Ibru was born on 1 March 1945 in Agbara-Otor, in today's Delta State. He attended the Yaba Methodist Primary School (1951–1957), Ibadan Grammar School (1958–1960), Igbobi College, Lagos (1960–1963) and Nottingham Trent University in the United Kingdom (1967–1970), where he studied business economics.

==Business career==
Ibru was chairman of Rutam Motors, a subsidiary of the Ibru conglomerate. In 1983, he met with the newspapermen Stanley Mecebuh of Daily Times of Nigeria, Patrick Dele-Cole also formerly of that paper and Olusegun Osoba, formerly of Nigerian Herald. With 55% funding from the Ibrus, they launched The Guardian in 1983, with Alex Ibru as chairman.

The Guardian had various pro-left academics on its board, with a clear bias towards Obafemi Awolowo's Unity Party of Nigeria, and the first editor Lade Bonuola was held to strongly support the UPN. On the other hand, Ibru was from a billionaire business family and Stanley Macebuh was right wing in his views, so the paper tried to maintain a balance.

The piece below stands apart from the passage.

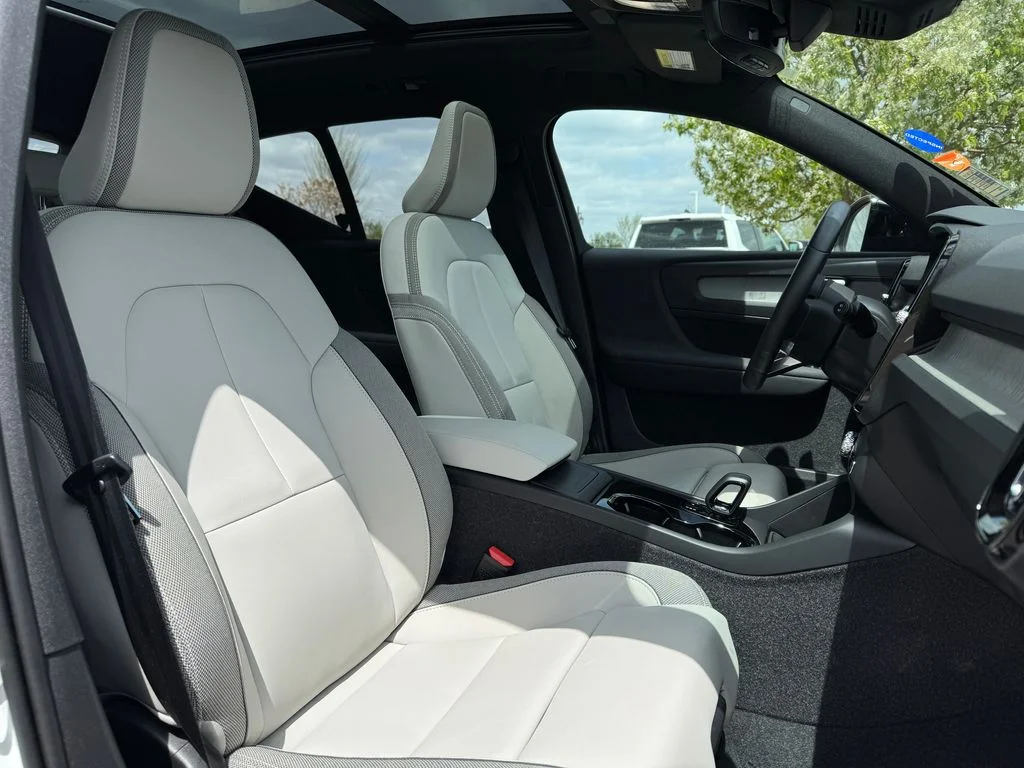 2025 Volvo EX40 Plus - Photo 6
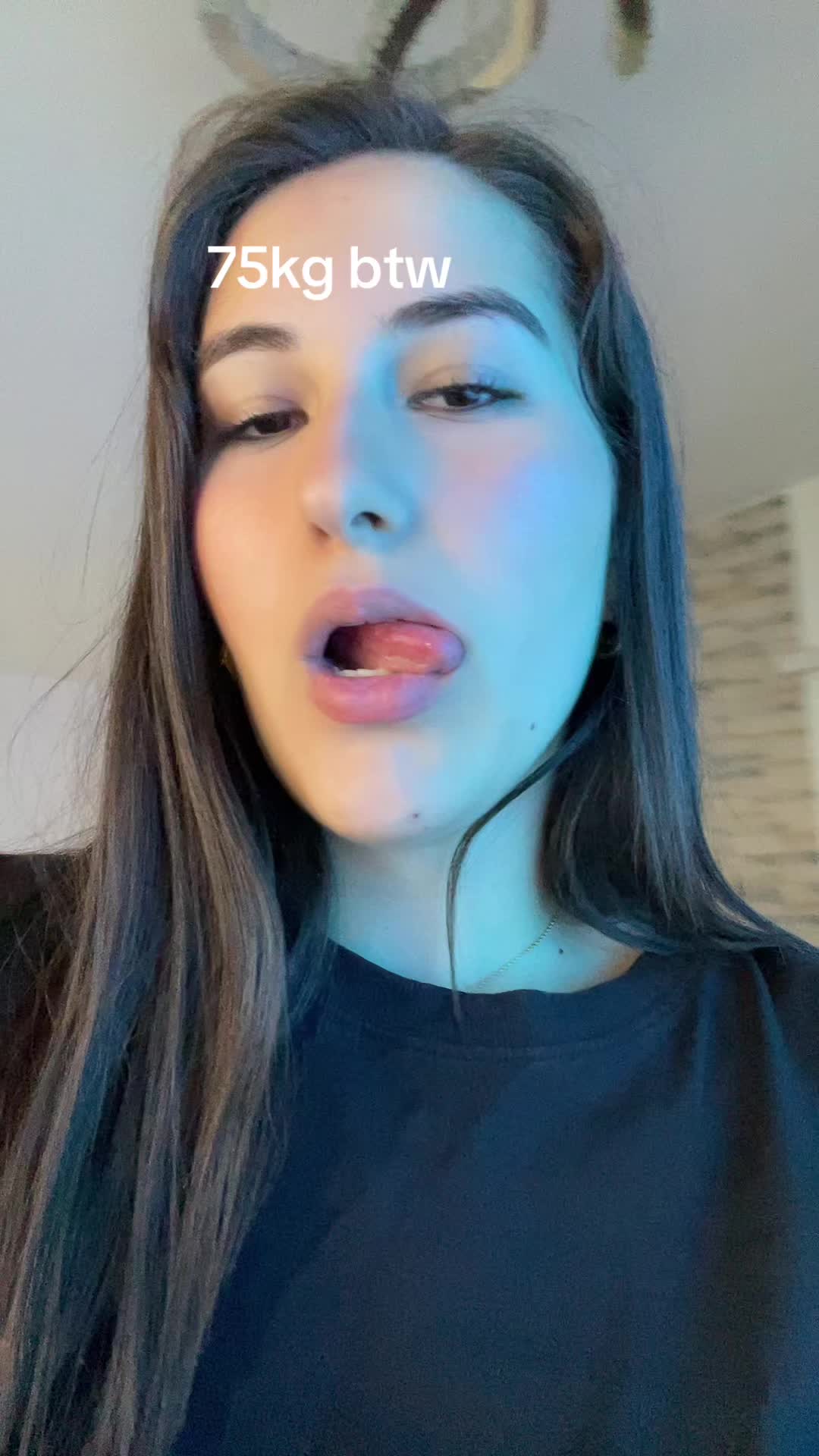 @user5678976550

The stated goal of the paper were to provide an independent and balanced view.

The success of The Guardian made it clear that there was an appetite for high quality journalism in Nigeria and it was followed by news magazines such as Newswatch.

The military regime did not appreciate the paper's independence and it was persecuted under military ruler General Muhammadu Buhari (January 1984 – August 1985).

Ibru provided funding to the Civil Liberties Organization (CLO), established during the military regime of Buhari's successor, General Ibrahim Babangida.

==Political career==
Ibru was minister of internal affairs from 1993 to 1995 in the Sani Abacha government. His appointment by Abacha was seen as a gesture of appeasement to the press.

In December 1993, there were violent clashes between the Ogoni and Okrika people in the slums of Port Harcourt in Rivers State. Ibru led a committee to tour Ogoniland and investigate the causes of unrest. Other members were Don Etiebet, minister of petroleum reserves, and Melford Okilo, minister of tourism.The military administrator of the state, Dauda Musa Komo, escorted the group. Embarrassingly for the military regime, during the trip a large crowd demonstrated in Bori blaming Shell Oil pollution for their problems.

Ibru had told his staff at The Guardian that he would not get involved in partisan politics. Despite this, the newspaper was highly critical of the Abacha regime. On 14 August 1994, The Guardian offices were raided and shut down by the government, although Ibru retained his post. The newspapers were only allowed to reopen in October 1994 following an apology by Ibru for any offensive comments that may have appeared.

==Assassination attempt==
On 2 February 1996, his car was sprayed with machine gun fire from unidentified men who had trailed him in a deep-blue Peugeot. He survived the assassination attempt, but sustained serious injuries that resulted in the loss of his left eye and two fingers. Ibru was later flown to England for treatment of his injuries.

After Abacha's death in 1998, his chief security officer, Hamza Al-Mustapha, and others were charged with the assassination attempt.

===Death===
Alex Ibru died on 20 November 2011, aged 66.